N’y a-t-il pas d’autres préalables à régler avant ?

Le CNRD et le gouvernement, continuellement opposés aux forces vives autour de la gestion de la transition amorcée le 5 septembre 2021 qui a conduit à l’identification de dix points devant ponctuer le déroulement du processus de transition vers le retour à l’ordre constitutionnel.

La réconciliation des deux camps n’est-il pas le préalable des préalables avant de commencer le déroulement des dix points identifier ?

Le symposium organisé les 21 et 22 février 2023 par le CNT à la recherche d’une méthodologie d’élaboration de la constitution et à la familiarisation des conseillers aux concepts clefs du constitutionnalisme, ne nous conduit-il pas vers l’élaboration d’une constitution exclusionniste ?

Pour que nous puissions sortir de ce blocage, il est urgent de rapprocher toutes les parties prenantes de la transition.

Une « constitution d’en haut » résistera-t-elle au temps comme le souhaitent les rédacteurs de la future constitution ?

  • Les guinéens veulent une « constitution d’en bas » qui est négociée, débattue et signée par toutes les parties prenantes.
  • La « constitution d’en haut » est une constitution octroyée ou livrée dont la paternité est attribuée à un seul acteur politique.

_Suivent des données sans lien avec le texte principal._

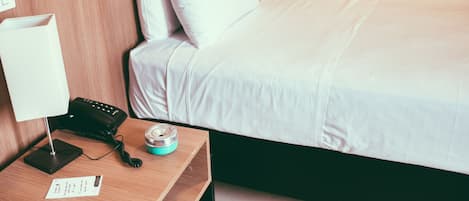 Habitación de hotel con una cama bien hecha, una mesita de noche con lámpara, teléfono y un pequeño recipiente.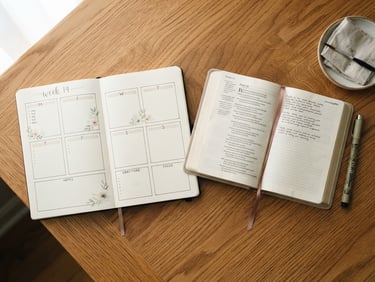 Overhead flat-lay of a printed journaling layout resting on a warm wooden desk beside an open Bible, soft morning window light, gentle shadows.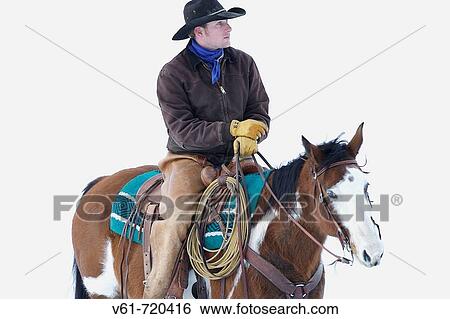 A cowboy out for a ride in winter, Shell, Wyoming, Usa View Large Photo Image Stock Photograph - A cowboy out for a ride in winter, Shell, Wyoming, Usa. Fotosearch
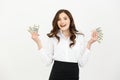 Portrait of a cheerful young business woman holding money banknotes and celebrating isolated over white background. Royalty Free Stock Photo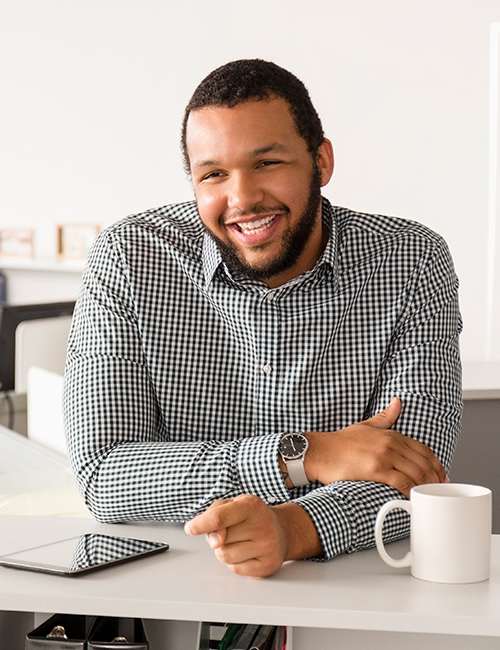 Happy, excited man using laptop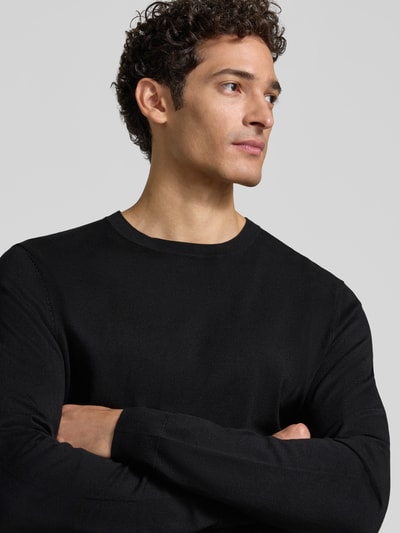 Männermodel trägt Strickpullover mit geripptem Rundhalsausschnitt von MCNEAL, Schwarz, taillierte Passform, Nahaufnahme Oberkörper.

Notre pays vient de loin et nous redoutons essentiellement deux choses :

  • Premièrement, nous ne souhaitons plus que la marche de notre Etat soit gravement perturbée ;
  • Deuxièment, nous redoutons que l’existence de notre Etat soit menacée.

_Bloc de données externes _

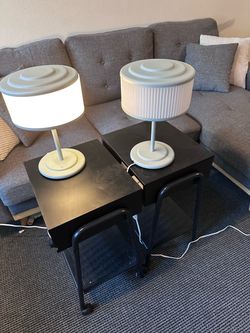 Two ikea nightstands with lamps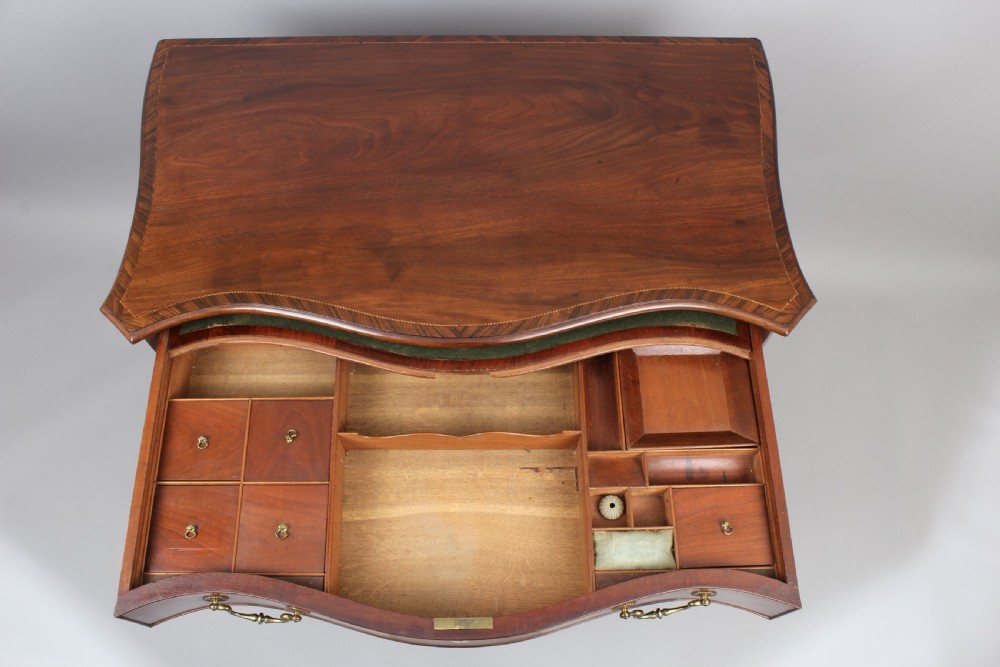 Fine George III period mahogany serpentine dressing-chest of small proportions View IV
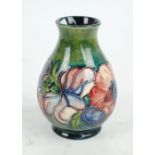 MOORCROFT; a single 'Anemone' pattern tube line decorated baluster vase on a green ground,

Dans la vision des guinéens majoritairement, cette entreprise nécessite, pour sa pleine réussite, que l’accent soit mis sur les fondamentaux et non sur des difficultés d’ordre conjoncturel, encore moins sur les aspérités du jeu politique ainsi que les ambitions légitimes des uns et des autres.

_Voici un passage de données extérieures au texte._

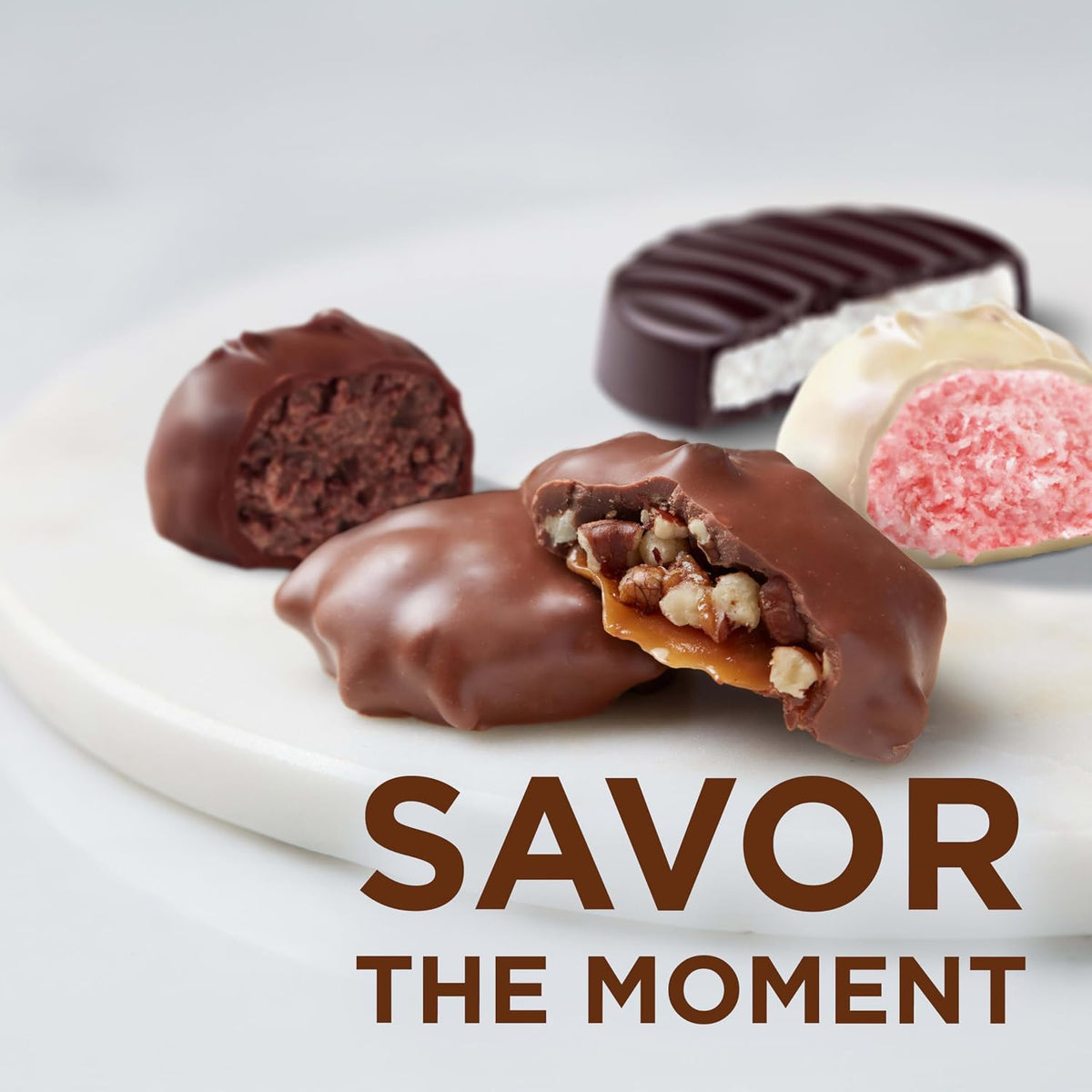 Russell Stover thirty two point one ounce gourmet chocolate box open presentation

Les guinéens doivent avoir une convergence de vues sur la réforme des institutions. Il faut noter que la Guinée est à la croisée des chemins, donc un autre rendez-vous de notre histoire est en jeu. Les guinéens ont la mémoire d’éléphant, il ne faut pas l’oublier.

Le 5 Septembre 2021 le peuple de Guinée a salué la prise du pouvoir par le CNRD à cause du contenu du tout premier discours du Président de la transition. Pour le paraphraser, il affirmait dans son souhait ardent « qu’il fallait mettre les guinéens ensemble ; confier la politique au peuple et non à un homme ; écrire une constitution inclusive et participative adaptée à nos réalités (…). » Tout dernièrement il affirme : « les constitutions mal rédigées conduisent aux crises, socio-politiques ». Je crois que ce discours a rassuré la majorité des guinéens, et a provoqué une large adhésion des populations à la cause.

Un an 6 mois de transition après, le constat est relativement visible. Les autorités de la transition ont réalisé des avancées salutaires qui ne sont pas du tout à occulter, entre autres, on peut citer : la lutte contre la délinquance économique et financière avec la mise en place de la CRIEF ; la récupération des biens de l’Etat et la réalisation d’un certains nombres d’infrastructures visibles sur toute l’étendue du territoire que je ne saurais égrener.

Ces acquis ne peuvent être capitalisés que quand les guinéens seront réunis autour d’un idéal consensuel. Les guinéens dans leur diversité redoutent les erreurs du passé.

Revenons au sujet qui est à l’ordre du jour, la rédaction de la nouvelle constitution et la méthodologie qu’il faut pour l’élaborer.

La problématique renvoie à la place de la constitution dans la vie d’une nation.

La constitution est l’acte fondateur de l’Etat et le constitutionnalisme en langage facile veut dire « la suprématie de la constitution dans la pyramide des normes juridiques ». Toutes les normes doivent l’obéir. Mais cette affirmation ne suffit pas dans le contexte de l’Etat de droit et de la démocratie, au-delà d’affirmer sa suprématie, il faut ajouter l’existence d’une Cour Constitutionnelle qui doit veiller à l’application de cette suprématie. Par conséquent, tout acte juridique qui s’écarte de cette obligation doit être purement et simplement annulé. Voilà en peu de mots l’explication du concept de constitutionnalisme qui symbolise l’Etat de droit ou diriger l’Etat avec le droit.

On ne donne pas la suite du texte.